*What is needed*.
Reproduce exactly, from the data that follows, the line with "Designing a beautiful", the line with "Hey Core 109", and every line that lies between them.

════════════════════

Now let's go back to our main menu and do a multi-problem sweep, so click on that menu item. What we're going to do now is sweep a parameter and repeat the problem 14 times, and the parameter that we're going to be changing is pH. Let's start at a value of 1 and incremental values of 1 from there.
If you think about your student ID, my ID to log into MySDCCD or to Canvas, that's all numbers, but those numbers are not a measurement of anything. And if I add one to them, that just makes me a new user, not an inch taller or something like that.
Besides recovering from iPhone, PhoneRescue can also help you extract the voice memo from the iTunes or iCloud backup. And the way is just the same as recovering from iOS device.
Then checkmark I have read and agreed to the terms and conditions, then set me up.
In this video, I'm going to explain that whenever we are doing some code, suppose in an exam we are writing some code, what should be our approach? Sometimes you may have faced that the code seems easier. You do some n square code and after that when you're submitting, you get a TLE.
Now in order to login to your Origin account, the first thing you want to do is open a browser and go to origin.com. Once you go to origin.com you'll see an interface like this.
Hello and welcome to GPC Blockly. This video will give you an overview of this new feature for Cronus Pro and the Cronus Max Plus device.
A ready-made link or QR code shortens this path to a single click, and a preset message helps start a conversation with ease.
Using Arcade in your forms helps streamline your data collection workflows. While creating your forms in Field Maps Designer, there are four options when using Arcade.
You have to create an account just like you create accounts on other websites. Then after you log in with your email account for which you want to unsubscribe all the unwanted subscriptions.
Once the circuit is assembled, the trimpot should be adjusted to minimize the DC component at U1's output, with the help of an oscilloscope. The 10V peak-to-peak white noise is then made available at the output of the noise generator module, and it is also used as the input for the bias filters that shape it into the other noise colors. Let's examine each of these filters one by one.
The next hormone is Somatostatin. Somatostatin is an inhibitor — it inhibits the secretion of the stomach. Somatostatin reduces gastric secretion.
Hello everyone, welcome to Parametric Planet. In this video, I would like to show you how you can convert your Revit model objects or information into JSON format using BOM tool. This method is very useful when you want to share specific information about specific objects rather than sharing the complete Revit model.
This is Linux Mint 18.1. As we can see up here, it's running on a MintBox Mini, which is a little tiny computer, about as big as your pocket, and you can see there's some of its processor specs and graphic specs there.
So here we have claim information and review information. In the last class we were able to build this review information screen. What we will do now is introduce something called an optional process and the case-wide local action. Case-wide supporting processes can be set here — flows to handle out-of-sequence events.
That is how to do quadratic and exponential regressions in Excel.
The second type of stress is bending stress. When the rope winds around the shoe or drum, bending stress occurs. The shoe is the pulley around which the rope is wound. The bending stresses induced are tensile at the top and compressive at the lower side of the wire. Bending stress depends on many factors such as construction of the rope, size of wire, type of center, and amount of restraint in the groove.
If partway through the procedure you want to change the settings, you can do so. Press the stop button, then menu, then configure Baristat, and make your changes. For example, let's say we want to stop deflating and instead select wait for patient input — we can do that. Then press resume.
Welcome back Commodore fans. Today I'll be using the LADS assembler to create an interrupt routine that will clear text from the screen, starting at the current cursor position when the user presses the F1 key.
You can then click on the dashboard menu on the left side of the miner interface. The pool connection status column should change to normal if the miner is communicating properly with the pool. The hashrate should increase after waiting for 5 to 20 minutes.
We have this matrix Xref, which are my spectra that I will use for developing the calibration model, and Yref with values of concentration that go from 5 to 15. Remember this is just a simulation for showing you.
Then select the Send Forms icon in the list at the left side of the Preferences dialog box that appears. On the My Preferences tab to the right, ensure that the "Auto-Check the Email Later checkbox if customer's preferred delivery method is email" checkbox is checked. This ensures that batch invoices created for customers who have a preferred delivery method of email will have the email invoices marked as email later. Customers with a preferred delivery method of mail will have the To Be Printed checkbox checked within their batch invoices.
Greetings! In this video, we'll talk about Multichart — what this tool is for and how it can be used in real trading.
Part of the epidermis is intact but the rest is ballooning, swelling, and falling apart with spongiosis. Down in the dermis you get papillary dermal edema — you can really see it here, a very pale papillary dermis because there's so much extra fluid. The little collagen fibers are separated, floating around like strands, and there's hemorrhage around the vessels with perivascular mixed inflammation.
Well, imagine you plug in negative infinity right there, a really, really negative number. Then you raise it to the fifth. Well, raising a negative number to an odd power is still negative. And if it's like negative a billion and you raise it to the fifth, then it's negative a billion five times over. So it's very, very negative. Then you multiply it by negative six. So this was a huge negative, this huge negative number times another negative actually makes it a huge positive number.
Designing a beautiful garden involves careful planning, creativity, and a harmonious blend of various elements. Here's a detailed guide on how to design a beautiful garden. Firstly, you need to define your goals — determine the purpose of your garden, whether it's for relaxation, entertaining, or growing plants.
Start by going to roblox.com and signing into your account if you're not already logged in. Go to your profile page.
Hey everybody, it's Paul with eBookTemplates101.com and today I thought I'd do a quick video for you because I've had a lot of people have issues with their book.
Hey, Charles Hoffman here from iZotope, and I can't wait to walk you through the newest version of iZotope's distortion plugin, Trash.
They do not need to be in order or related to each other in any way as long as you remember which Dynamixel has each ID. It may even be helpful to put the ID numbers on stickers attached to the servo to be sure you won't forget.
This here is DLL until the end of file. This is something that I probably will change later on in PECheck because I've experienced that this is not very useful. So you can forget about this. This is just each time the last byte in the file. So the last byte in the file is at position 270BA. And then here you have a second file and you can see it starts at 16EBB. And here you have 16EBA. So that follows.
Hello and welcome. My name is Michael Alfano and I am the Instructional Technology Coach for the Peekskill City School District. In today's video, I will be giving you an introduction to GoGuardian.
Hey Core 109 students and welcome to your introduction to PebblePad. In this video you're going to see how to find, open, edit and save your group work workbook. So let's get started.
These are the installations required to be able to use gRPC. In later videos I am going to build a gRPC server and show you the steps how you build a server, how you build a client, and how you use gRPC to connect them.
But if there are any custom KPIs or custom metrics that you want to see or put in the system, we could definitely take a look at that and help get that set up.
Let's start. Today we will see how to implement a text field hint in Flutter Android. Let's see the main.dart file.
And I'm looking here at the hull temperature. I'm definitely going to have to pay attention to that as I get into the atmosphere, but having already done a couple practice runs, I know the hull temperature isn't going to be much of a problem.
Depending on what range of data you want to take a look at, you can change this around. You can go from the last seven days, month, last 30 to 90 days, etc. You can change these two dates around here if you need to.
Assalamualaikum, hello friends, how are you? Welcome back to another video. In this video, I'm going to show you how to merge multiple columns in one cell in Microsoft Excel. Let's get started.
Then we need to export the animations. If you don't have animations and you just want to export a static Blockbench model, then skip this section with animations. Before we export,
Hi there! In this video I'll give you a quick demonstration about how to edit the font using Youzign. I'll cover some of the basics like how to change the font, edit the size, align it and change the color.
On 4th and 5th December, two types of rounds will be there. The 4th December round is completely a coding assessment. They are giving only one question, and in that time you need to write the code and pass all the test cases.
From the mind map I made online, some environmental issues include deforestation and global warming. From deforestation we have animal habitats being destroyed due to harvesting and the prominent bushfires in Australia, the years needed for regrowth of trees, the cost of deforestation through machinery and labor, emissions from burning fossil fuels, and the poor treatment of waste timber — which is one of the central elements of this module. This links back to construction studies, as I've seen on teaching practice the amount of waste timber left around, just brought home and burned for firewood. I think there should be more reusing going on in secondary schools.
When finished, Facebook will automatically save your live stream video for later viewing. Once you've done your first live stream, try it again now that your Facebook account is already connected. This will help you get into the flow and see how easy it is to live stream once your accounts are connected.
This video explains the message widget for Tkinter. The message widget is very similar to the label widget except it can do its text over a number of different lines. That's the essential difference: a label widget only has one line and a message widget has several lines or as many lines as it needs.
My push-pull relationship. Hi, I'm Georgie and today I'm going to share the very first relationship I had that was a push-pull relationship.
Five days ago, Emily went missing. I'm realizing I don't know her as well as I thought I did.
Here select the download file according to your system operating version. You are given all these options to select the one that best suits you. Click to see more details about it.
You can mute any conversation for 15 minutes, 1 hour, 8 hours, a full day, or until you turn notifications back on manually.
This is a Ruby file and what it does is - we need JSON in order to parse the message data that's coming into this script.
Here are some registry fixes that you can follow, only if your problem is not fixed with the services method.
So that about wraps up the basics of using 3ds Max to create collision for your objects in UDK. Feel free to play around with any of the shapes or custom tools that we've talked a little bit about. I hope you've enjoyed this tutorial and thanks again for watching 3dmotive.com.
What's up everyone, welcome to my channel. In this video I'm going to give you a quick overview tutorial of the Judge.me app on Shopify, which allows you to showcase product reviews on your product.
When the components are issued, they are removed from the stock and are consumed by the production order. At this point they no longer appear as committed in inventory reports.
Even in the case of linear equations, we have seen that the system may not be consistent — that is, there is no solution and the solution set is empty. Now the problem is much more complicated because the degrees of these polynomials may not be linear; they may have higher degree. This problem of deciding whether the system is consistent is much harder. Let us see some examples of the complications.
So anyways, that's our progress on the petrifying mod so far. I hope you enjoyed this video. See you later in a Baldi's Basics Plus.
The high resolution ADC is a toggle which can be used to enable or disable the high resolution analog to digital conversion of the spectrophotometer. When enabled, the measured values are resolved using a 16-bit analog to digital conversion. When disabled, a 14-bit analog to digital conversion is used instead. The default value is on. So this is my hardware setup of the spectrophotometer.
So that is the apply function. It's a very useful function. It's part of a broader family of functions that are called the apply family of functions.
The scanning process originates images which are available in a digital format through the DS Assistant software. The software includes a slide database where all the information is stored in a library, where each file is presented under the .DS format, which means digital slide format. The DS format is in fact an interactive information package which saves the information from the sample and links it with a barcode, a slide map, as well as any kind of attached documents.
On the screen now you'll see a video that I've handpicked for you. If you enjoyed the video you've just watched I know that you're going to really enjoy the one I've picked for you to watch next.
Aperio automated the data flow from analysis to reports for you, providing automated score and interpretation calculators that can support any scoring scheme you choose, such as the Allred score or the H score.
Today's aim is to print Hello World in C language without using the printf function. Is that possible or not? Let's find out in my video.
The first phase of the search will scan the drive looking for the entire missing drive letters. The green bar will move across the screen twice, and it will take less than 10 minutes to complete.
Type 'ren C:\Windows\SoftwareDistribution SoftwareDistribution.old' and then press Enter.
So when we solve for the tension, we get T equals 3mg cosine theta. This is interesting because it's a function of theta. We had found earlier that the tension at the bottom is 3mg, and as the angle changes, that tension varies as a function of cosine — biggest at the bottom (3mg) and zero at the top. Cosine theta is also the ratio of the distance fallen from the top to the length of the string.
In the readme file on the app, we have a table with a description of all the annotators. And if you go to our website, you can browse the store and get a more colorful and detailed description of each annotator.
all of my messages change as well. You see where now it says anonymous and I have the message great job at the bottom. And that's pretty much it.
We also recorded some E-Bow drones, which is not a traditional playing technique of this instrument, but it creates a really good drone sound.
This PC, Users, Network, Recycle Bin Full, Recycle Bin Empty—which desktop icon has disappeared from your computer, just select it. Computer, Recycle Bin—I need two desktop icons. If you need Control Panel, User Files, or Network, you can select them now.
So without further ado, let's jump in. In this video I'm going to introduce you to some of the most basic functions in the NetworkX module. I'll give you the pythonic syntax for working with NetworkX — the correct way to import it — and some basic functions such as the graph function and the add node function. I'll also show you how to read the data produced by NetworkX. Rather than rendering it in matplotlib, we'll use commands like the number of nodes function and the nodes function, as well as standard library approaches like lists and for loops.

════════════════════

*Answer to this exercise*.
Designing a beautiful garden involves careful planning, creativity, and a harmonious blend of various elements. Here's a detailed guide on how to design a beautiful garden. Firstly, you need to define your goals — determine the purpose of your garden, whether it's for relaxation, entertaining, or growing plants.
Start by going to roblox.com and signing into your account if you're not already logged in. Go to your profile page.
Hey everybody, it's Paul with eBookTemplates101.com and today I thought I'd do a quick video for you because I've had a lot of people have issues with their book.
Hey, Charles Hoffman here from iZotope, and I can't wait to walk you through the newest version of iZotope's distortion plugin, Trash.
They do not need to be in order or related to each other in any way as long as you remember which Dynamixel has each ID. It may even be helpful to put the ID numbers on stickers attached to the servo to be sure you won't forget.
This here is DLL until the end of file. This is something that I probably will change later on in PECheck because I've experienced that this is not very useful. So you can forget about this. This is just each time the last byte in the file. So the last byte in the file is at position 270BA. And then here you have a second file and you can see it starts at 16EBB. And here you have 16EBA. So that follows.
Hello and welcome. My name is Michael Alfano and I am the Instructional Technology Coach for the Peekskill City School District. In today's video, I will be giving you an introduction to GoGuardian.
Hey Core 109 students and welcome to your introduction to PebblePad. In this video you're going to see how to find, open, edit and save your group work workbook. So let's get started.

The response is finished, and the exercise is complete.